D-mannose alleviates intervertebral disc degeneration through glutamine metabolism.

机构信息

Department of Orthopedics, Shanghai Key Laboratory of Orthopedic Implant, Shanghai Ninth People's Hospital, Shanghai Jiao Tong University School of Medicine, Shanghai, 200011, China.

School of Medicine, Shanghai University, Shanghai, 200444, China.

出版信息

Mil Med Res. 2024 May 6;11(1):28. doi: 10.1186/s40779-024-00529-4.

DOI:10.1186/s40779-024-00529-4
PMID:38711073
原文链接:https://pmc.ncbi.nlm.nih.gov/articles/PMC11071241/
Abstract

BACKGROUND

Intervertebral disc degeneration (IVDD) is a multifaceted condition characterized by heterogeneity, wherein the balance between catabolism and anabolism in the extracellular matrix of nucleus pulposus (NP) cells plays a central role. Presently, the available treatments primarily focus on relieving symptoms associated with IVDD without offering an effective cure targeting its underlying pathophysiological processes. D-mannose (referred to as mannose) has demonstrated anti-catabolic properties in various diseases. Nevertheless, its therapeutic potential in IVDD has yet to be explored.

METHODS

The study began with optimizing the mannose concentration for restoring NP cells. Transcriptomic analyses were employed to identify the mediators influenced by mannose, with the thioredoxin-interacting protein (Txnip) gene showing the most significant differences. Subsequently, small interfering RNA (siRNA) technology was used to demonstrate that Txnip is the key gene through which mannose exerts its effects.

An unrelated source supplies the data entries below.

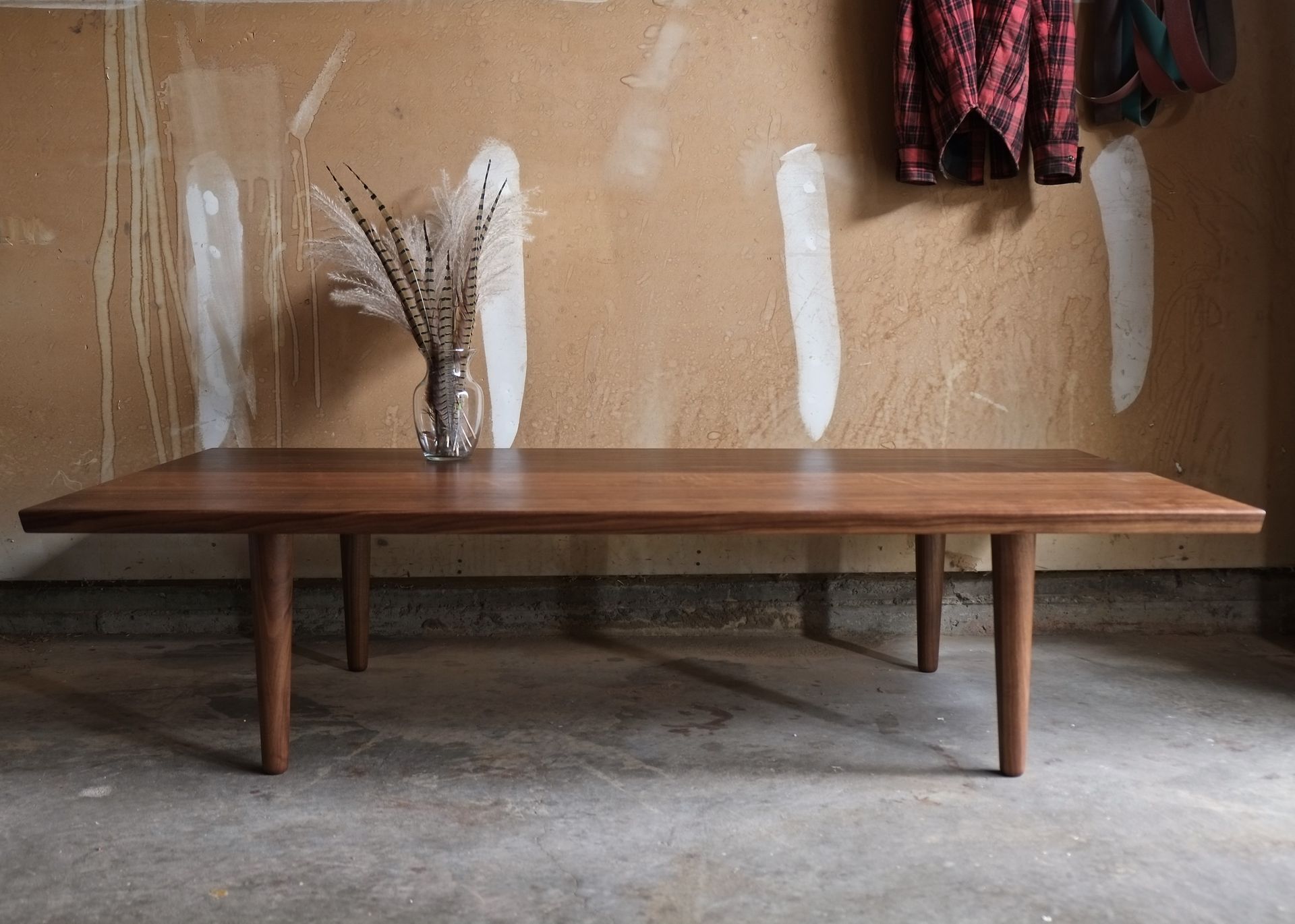 Low Coffee Table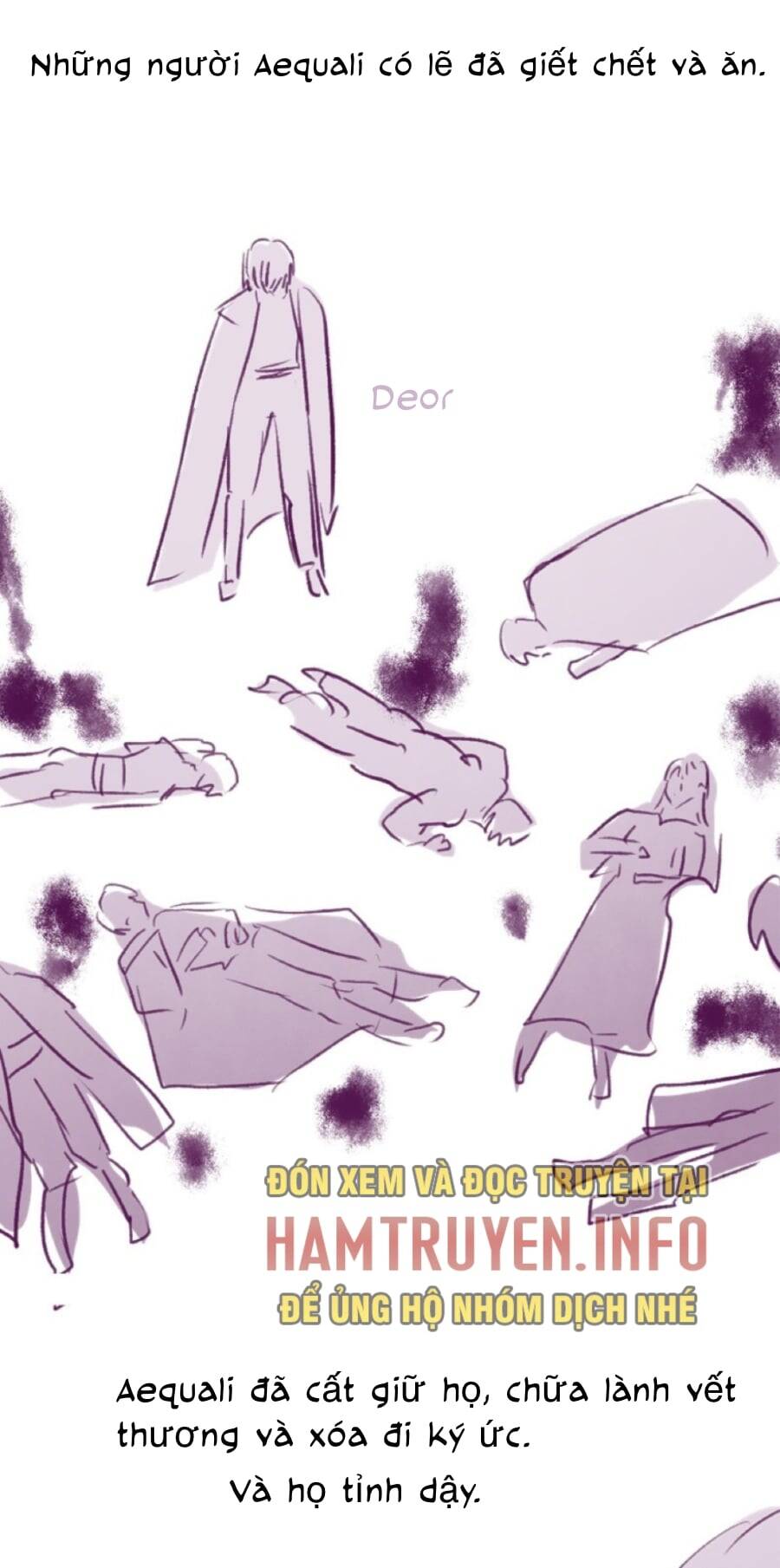 Deor! Chapter 95 - 13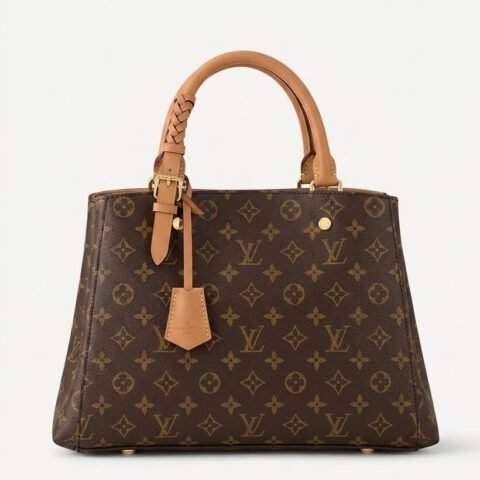 Sac à Main Femme Grand Format - LOUIS VUITTON MONTAIGNE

Techniques such as colocalization analysis, molecular docking, and overexpression assays further confirmed the direct regulatory relationship between mannose and TXNIP. To elucidate the mechanism of action of mannose, metabolomics techniques were employed to pinpoint glutamine as a core metabolite affected by mannose. Next, various methods, including integrated omics data and the Gene Expression Omnibus (GEO) database, were used to validate the one-way pathway through which TXNIP regulates glutamine. Finally, the therapeutic effect of mannose on IVDD was validated, elucidating the mechanistic role of TXNIP in glutamine metabolism in both intradiscal and orally treated rats.

RESULTS

In both in vivo and in vitro experiments, it was discovered that mannose has potent efficacy in alleviating IVDD by inhibiting catabolism. From a mechanistic standpoint, it was shown that mannose exerts its anti-catabolic effects by directly targeting the transcription factor max-like protein X-interacting protein (MondoA), resulting in the upregulation of TXNIP. This upregulation, in turn, inhibits glutamine metabolism, ultimately accomplishing its anti-catabolic effects by suppressing the mitogen-activated protein kinase (MAPK) pathway. More importantly, in vivo experiments have further demonstrated that compared with intradiscal injections, oral administration of mannose at safe concentrations can achieve effective therapeutic outcomes.

CONCLUSIONS

In summary, through integrated multiomics analysis, including both in vivo and in vitro experiments, this study demonstrated that mannose primarily exerts its anti-catabolic effects on IVDD through the TXNIP-glutamine axis. These findings provide strong evidence supporting the potential of the use of mannose in clinical applications for alleviating IVDD. Compared to existing clinically invasive or pain-relieving therapies for IVDD, the oral administration of mannose has characteristics that are more advantageous for clinical IVDD treatment.

摘要

背景

椎间盘退变(IVDD)是一种多方面的病症,其特征为异质性,其中细胞外基质中核髓(NP)细胞的分解代谢与合成代谢之间的平衡起着核心作用。目前,现有的治疗方法主要集中在缓解与 IVDD 相关的症状,而没有针对其潜在病理生理过程提供有效的治疗方法。D-甘露糖(简称甘露糖)在各种疾病中表现出抗分解代谢作用。然而,其在 IVDD 中的治疗潜力尚未得到探索。

方法

本研究首先优化了甘露糖恢复 NP 细胞的浓度。采用转录组分析鉴定受甘露糖影响的介质,其中硫氧还蛋白相互作用蛋白(Txnip)基因差异最为显著。随后,采用小干扰 RNA(siRNA)技术证明 Txnip 是甘露糖发挥作用的关键基因。共定位分析、分子对接和过表达测定等技术进一步证实了甘露糖与 TXNIP 之间的直接调控关系。为了阐明甘露糖的作用机制,采用代谢组学技术确定了谷氨酰胺是受甘露糖影响的核心代谢物。接下来,使用整合组学数据和基因表达综合数据库(GEO)等多种方法验证了 Txnip 通过单一路径调节谷氨酰胺的方式。最后,验证了甘露糖对 IVDD 的治疗效果,阐明了 Txnip 在椎间盘内和口服治疗大鼠的谷氨酰胺代谢中的作用机制。

结果

在体内和体外实验中,均发现甘露糖通过抑制分解代谢对 IVDD 具有显著的治疗效果。从机制上讲,甘露糖通过直接靶向 max 样蛋白 X 相互作用蛋白(MondoA)的转录因子,上调 Txnip,发挥其抗分解代谢作用。这种上调进而抑制谷氨酰胺代谢,最终通过抑制丝裂原活化蛋白激酶(MAPK)通路来完成其抗分解代谢作用。更重要的是,体内实验进一步表明,与椎间盘内注射相比,口服安全浓度的甘露糖可以达到有效的治疗效果。

结论

综上所述,通过包括体内和体外实验在内的综合多组学分析,本研究表明甘露糖主要通过 TXNIP-谷氨酰胺轴对 IVDD 发挥其抗分解代谢作用。这些发现为甘露糖在缓解 IVDD 的临床应用中的潜力提供了强有力的证据。与现有的临床侵袭性或缓解疼痛的 IVDD 治疗方法相比,口服甘露糖具有更有利于临床 IVDD 治疗的特点。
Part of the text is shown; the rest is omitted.